The data from the Broadcast Seva portal points to an industry shedding its excesses — and bracing for a future where only sustainable, compliant, and agile players survive.
Key Cancellation Trends:
Metric | Data (approximate) |
---|---|
Total Satellite TV Licenses Issued | ~1200+ |
Total Cancelled/Surrendered Licenses | ~250+ |
Overall Cancellation Rate | ~20% |
Years with Maximum Cancellations | FY 2020-21 and FY 2021-22 |
1. Non-Operational and Dormant Channels
Trend:
Channels that remained non-operational for 90+ days without intimation have been cancelled automatically.
Examples:
- Several religious and spiritual channels like Peace TV Urdu (cancelled over security and non-operational issues)
- Bhojpuri regional entertainment channels launched around 2016–2017 failed to sustain and went off-air quietly.
2. Voluntary Surrender by Smaller Broadcasters
Trend:
Many niche broadcasters have voluntarily surrendered their licenses, citing commercial unviability.
Examples:
- Harvest TV — after political ownership tussles and operational challenges, the license was voluntarily given up.
- Real TV (earlier owned by Alva Brothers) — once a GEC entrant, shut down and surrendered operations around 2010s but reflected formally later.
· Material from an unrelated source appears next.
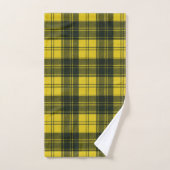 Robe MacLachlan Tartan écossais moderne (Serviette à main)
- Small devotional channels like Sant Nirankari Mission TV scaled down satellite ambitions and pivoted to YouTube channels.
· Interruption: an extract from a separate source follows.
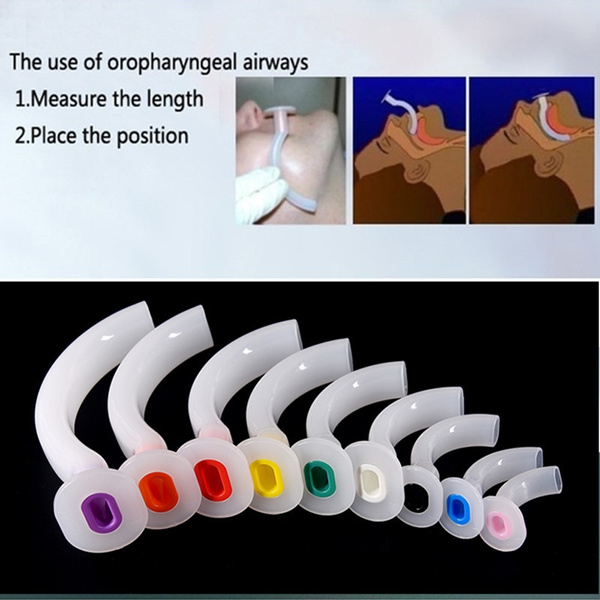 oropharyngeal airway measurement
3. Regulatory Cancellations: Security and Ownership Issues
Trend:
Security clearance denials and unauthorized transfer of operational control have become grounds for cancellation.
Examples:
- Peace TV (Zakir Naik-linked) — security threat leading to cancellation.
- Some regional political-affiliated channels (not always named publicly) have seen their uplinking licenses revoked over undisclosed ownership changes.
Why the Business Isn’t Viable for Many:
Problem | Impact |
---|---|
High Satellite Carriage Fees | ₹50 lakh–₹1 crore annually per DTH or MSO |
Low Ad Revenues | 90% of TV ad spend goes to Top 10 networks |
Cost of Compliance | Legal, audit, MHA clearances cost ₹10–25 lakh+ yearly |
Changing Audience Habits | Viewers moving to free YouTube and OTT |
OTT Disruption | Startups prefer launching apps over paying for satellite slots |
Structural Shifts (with Examples):
A. Migration to Digital Platforms
Trend:
Failed or surrendered satellite TV channels are rebirthing as digital-first brands.
Examples:
- Harvest TV’s team pivoted to digital media via news aggregation.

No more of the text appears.